──────── Information supplied ────────

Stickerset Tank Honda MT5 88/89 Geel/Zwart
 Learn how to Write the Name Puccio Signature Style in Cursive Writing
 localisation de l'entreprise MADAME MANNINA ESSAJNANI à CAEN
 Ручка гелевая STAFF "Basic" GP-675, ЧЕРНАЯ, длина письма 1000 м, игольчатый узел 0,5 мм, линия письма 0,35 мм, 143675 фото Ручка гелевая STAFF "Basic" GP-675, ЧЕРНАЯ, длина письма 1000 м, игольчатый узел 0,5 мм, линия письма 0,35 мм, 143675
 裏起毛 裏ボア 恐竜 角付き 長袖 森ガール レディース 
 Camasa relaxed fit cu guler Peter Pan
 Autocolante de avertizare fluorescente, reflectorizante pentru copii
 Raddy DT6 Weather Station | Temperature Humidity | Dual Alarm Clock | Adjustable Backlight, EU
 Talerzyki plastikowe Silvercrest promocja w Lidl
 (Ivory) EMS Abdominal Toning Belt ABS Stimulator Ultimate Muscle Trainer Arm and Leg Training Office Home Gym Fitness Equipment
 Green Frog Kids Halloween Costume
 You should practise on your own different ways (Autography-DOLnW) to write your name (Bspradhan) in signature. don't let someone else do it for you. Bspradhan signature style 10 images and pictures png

────────

Working down from the line that contains "Raddy DT6 Weather", retype each line exactly through the last line of the data, and give nothing else.

 Raddy DT6 Weather Station | Temperature Humidity | Dual Alarm Clock | Adjustable Backlight, EU
 Talerzyki plastikowe Silvercrest promocja w Lidl
 (Ivory) EMS Abdominal Toning Belt ABS Stimulator Ultimate Muscle Trainer Arm and Leg Training Office Home Gym Fitness Equipment
 Green Frog Kids Halloween Costume
 You should practise on your own different ways (Autography-DOLnW) to write your name (Bspradhan) in signature. don't let someone else do it for you. Bspradhan signature style 10 images and pictures png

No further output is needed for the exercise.